SUMMARY OF THE INVENTION
[0007] Thus, it is an object of the present invention to
dynamically and effectively utilize the available multiple accesses
of a mobile device.
[0008] According to an aspect of the invention, this object is
solved by a device, comprising a plurality of interfaces each
having an address, a controller configured to define a group of
interfaces from the plurality of interfaces, the group including at
least one interface, and to define a common logical address for the
group.
[0009] According to another aspect of the invention, this object is
solved by a method, comprising defining a group of interfaces out
of a plurality of interfaces each interface having an address, the
group including at least one interface mechanism, and defining a
common logical address for the group. Thus, it is possible to
dynamically group physical interfaces of a mobile device, e.g.,
according to the surrounding radio access networks and their
configuration.
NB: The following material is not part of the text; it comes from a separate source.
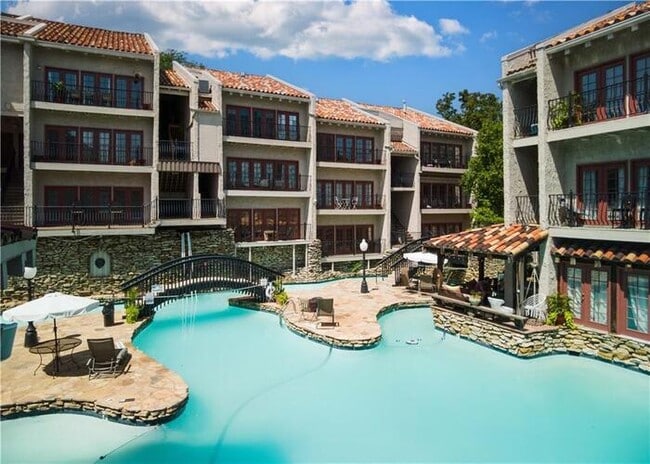 Building Photo - West Plaza Resort-Style Living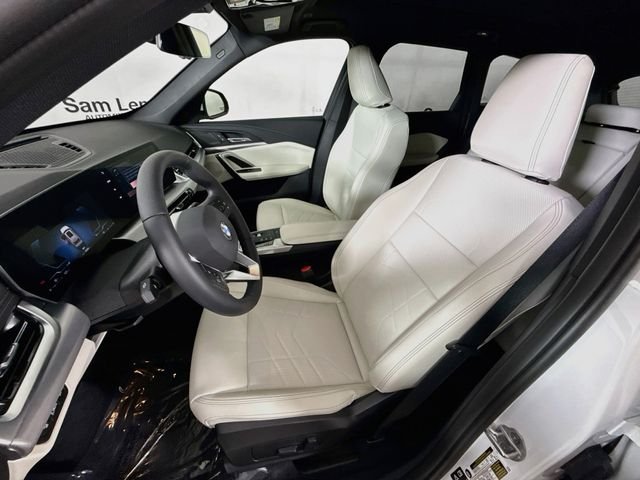 New 2026 White Metallic BMW xDrive28i image 21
Moreover, it is possible to define more than one
address for the mobile device, such that the mobile device may use
more than one address at the same time.
[0010] Furthermore, according to another aspect of the invention, a
device is provided which comprises a controller and a sender,
wherein the controller is configured to select an address to be
used for a packet to be sent to or from a terminal of a plurality
of addresses used by the terminal based on weights set for each of
the plurality of addresses, and the sender is configured to send
the packet.
[0011] Alternatively, according to an aspect of the invention a
method is provided which comprises selecting an address to be used
for a packet to be sent to or from a terminal of a plurality of
addresses used by the terminal based on weights set for each of the
plurality of addresses, and sending the packet.
[0012] Furthermore, according to another aspect of the invention, a
device is provided which comprises a controller and a sender,
wherein the controller is configured to set different weights for
addresses to be used for a packet to be sent to or from a terminal,
and the sender is configured to send the packet.
[0013] According to a further aspect of the invention, a method is
provided which comprises setting weights for each of a plurality of
addresses to be used for a packet to be sent to or from a terminal,
and sending the packet.
[0014] In this way, different weights for a plurality of addresses
used by a terminal can be set, and sending of packets to and from
the terminal can be controlled based on the weights.
[0015] Therefore, a device such as a mobile communication device
can be used more efficiently.
[0016] According to a further aspect, also a computer program is
provided, which comprises code portions by which method aspects of
the present invention can be carried out.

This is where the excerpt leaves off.